This page created 26 August 2014, and last modified: 8 December 2015 (references rearranged)
The Equites Dalmatae passerentiaci is listed (102/5.16 in Ingo Maier's numbering scheme) as the fourth of the vexillationes comitatenses in the Magister Equitum's cavalry roster; it is assigned to his Gallic command as the (102/5.226) Equites Dalmatae passerentiacenses. Its shield pattern (100#14) as shown in various manuscripts, under the label (100.o) Passerentiaci, is as below:
The shield pattern has a red rim, a white boss (yellow in M), and a green main field. Except in B, the field is decorated by two small rectangles, somewhat taller than wide, in approximately the 2 or 3 and 10 or 9 o'clock positions of the shield; they are blue with green centres (O, P), yellow (M, and more square than oblong), or white (W). These boxes might well represent a pair of rectangular Imperial portraits, albeit at a scale too small to have been successfully drawn.
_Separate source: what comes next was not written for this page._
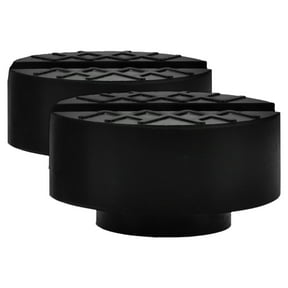 Car Lift Blocks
The only other cavalry unit depicted with such a rectangular box is the Equites octavo Dalmatae (102/5.15), also in the Magister Equitum's Gallic command, which has its single example in the 12 o'clock position that was more typical for such portraits (e.g. see the Sagittarii iuniores Gallicani, 9.30); this was a particularly common position for shield decorations generally to appear during the Tetrarchy, 100 years before the Notitia was compiled; an example of a cavlaryman's shield showing such a motif can be seen in the Piazza Armerina mosaics in Sicily, as shown below:
The name Dalmatae comes from Dalmatia, from where a dozen or so auxiliary infantry cohorts were recruited in the first century; a few of these kept their names intact long enough to make it into the Notitia, such as the men under the Tribunus cohortis secundae Dalmatarum (154.27), responsible to the Dux Britanniarum. However, the great majority of Dalmatae units in the Notitia are, like the Equites Dalmatae passerentiaci, cavalry units. They seem to have been a major component of the much-expanded cavalry forces raised in the 3rd quarter of the 3rd century; exactly how "Dalmatian" cavalrymen were distinguished from those of other units is not yet understood.
The epithet Passerentiaci might refer to "sparrows" or similar (passer being the Latin for small passarine birds such as sparrows), but perhaps more likely refers to an as yet unidentified place, such as the former town of Passaron in Molossian Epirus that was razed by the Romans, for example.